China’s first luxury goods house fuses traditional craftsmanship with contemporary design in a marvellous first collection based around tea. Shang Xia’s CEO and creative director, Quiong Er Jiang, talks about her partnership with Hermès.
The creative director and co-founder of the Hermès-funded Chinese luxury goods brand Shang Xia, Quiong Er Jiang, talks in Chinese proverbs: of getting “pregnant” with Hermès and the “baby” of Shang Xia; of the “garden” of Chinese contemporary design and its “wild” mix of good and bad creativity; of her work being like that of a “peasant” who is “preparing the earth for the next generation”. Her conversation is like traditional Chinese poetry come to life except that what Jiang talks of is utterly contemporary.
As the brainchild and minority shareholder of Shang Xia, Jiang is the founder of what is surely China’s first home-grown luxury brand. Based on the principle of combining China’s time-honored craftsmanship with modern design, Shang Xia is unique in China’s luxury malls filled with western luxury brands. Indeed, its first store, which opened in September, was designed by Kengo Kuma and stands out amongst the identikit boutiques in Shanghai’s Hong Kong Plaza Mall.

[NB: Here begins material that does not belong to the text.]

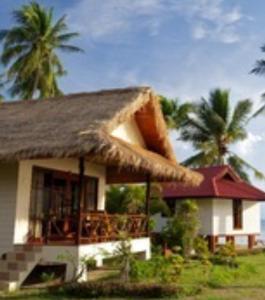 a house with a thatched roof and palm trees at Bow Thong Beach Resort in Ko Tao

It was in 2008 that Shang Xia was founded after a “beautiful encounter” between Jiang and Patrick Thomas and Pierre-Alexis Dumas, the CEO and Artistic Director of Hermès, respectively. She explains that they shared the belief that the Hermès model could be translated into another culture: “It could be China, India, or anywhere with its own historic civilization and craftsmanship.” Previously, Jiang had studied art and design at Shanghai University, then at ENSAD Paris. An artist in her own right, she was also the creative director of Hermès windows in China for three years prior to staring Shang Xia. Hermès is the majority shareholder and Jiang owns a small interest. (It should be noted that the Hermès investment in China is part of a wider expansion that includes the forthcoming Petit H collection of more affordable objects created from leather off-cuts, and a new landmark store on Paris’s Left Bank that will open in early 2011.)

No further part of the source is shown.